Entertainment (Entertainment Weekly) -- Back in the 1950s, when lumpy could pass for hunky, George Reeves was the Man of Steel.
Planting fists on hips clad in a man-girdle over tights, sucking in sixpackless abs, and letting wind machines flutter the kind of beach-towel cape that made "The Incredibles' " Edna Mode ban those garments from her couture collection, the amateur boxer-turned actor wowed the pint-size TV-watching audience of "The Adventures of Superman" with his pursuit of truth, justice, and the American way, and became one of the young medium's first superstars.

He also became one of the first to be tripped up by his own TV-size celebrity: Not only was he stereotyped at the expense of further movie-role opportunities but he was also entangled in a very public, long-term affair with Toni Mannix, the jealous wife of an MGM studio exec with gangster connections. (The Mannixes had a marital understanding; if she was extracurricularly happy, he was happy.)

In desperation, an unemployed Reeves was considering a turn to exhibition wrestling when he died in 1959, in his bedroom, of wounds from a speeding bullet. He was 45 years old.
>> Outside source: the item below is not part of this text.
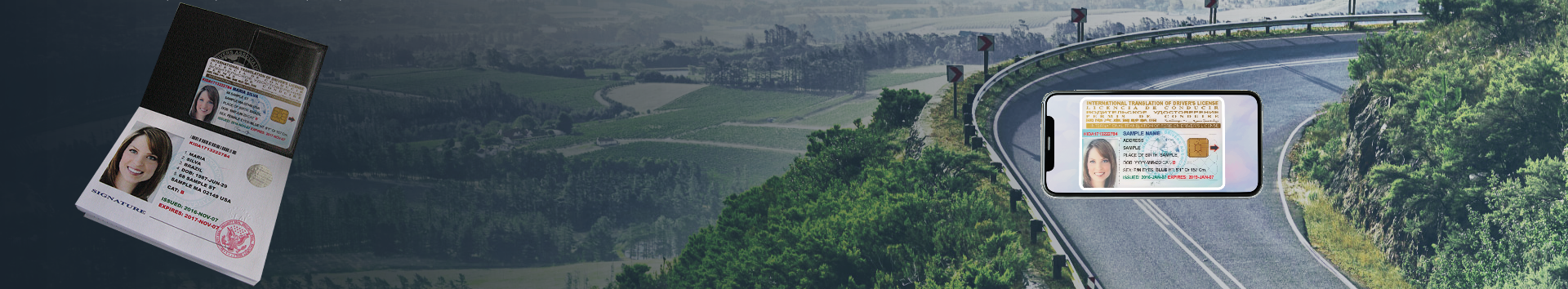 International driving permit online requirements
Although ruled a suicide at the time, there has never been definite proof as to who pulled the trigger: Was it a despondent Reeves himself? A thug dispatched on behalf of Edgar Mannix? Or was it maybe Leonore Lemmon, the ambitious young socialite for whom Reeves had left a distraught, older Mrs. M?
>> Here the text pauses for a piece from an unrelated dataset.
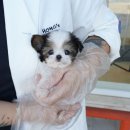 멍토피아 강아지분양 인천 본점 | 인천강아지분양 직접 방문해본 후기｜홍스퍼피 인천본점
The elegant biodrama "Hollywoodland" presents all options in its meditation on the price of the American way of fame, a toll exacted even back when ''land'' still completed the letters of the sign famously visible from high in the Hollywood Hills. But a bit too daintily, the pic also sides with none of them, as if ''all of the above'' is the safe answer to the mystery.
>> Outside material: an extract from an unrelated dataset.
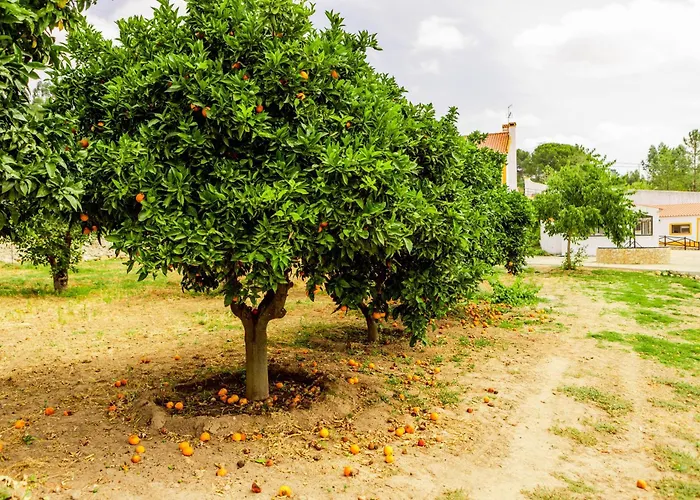 Villa Quinta O Refugio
The chief frustration of this otherwise well-made, well-acted, well-heeled picture -- a movie classy in its artful modesty, with every detail of plot and period furnishings lovingly conceived, every lick of jazz-influenced score true to the times -- is that it is so very self-absorbedly graceful about something so very insular and ... unremarkable.

Intertwining the dissatisfactions of Reeves (Ben Affleck) with the compromises of Louis Simo (Adrien Brody), the fly-by-night detective hired by the actor's mother to look further into who might have shot her famous son, writer Paul Bernbaum (in his first produced feature screenplay) and "Sopranos" director Allen Coulter (also making his feature debut) clearly aim to double the weight of Tinseltown soullessness by adding together the self-delusions of both men; instead the filmmakers detract from the puny, innocence-busting sadness of Reeves' unique TV-tinsel story, so that "Hollywoodland" becomes just another L.A. confidential about Sunset Boulevard, about gods and monsters, and the way most men share DNA with Clark Kent, not Superman.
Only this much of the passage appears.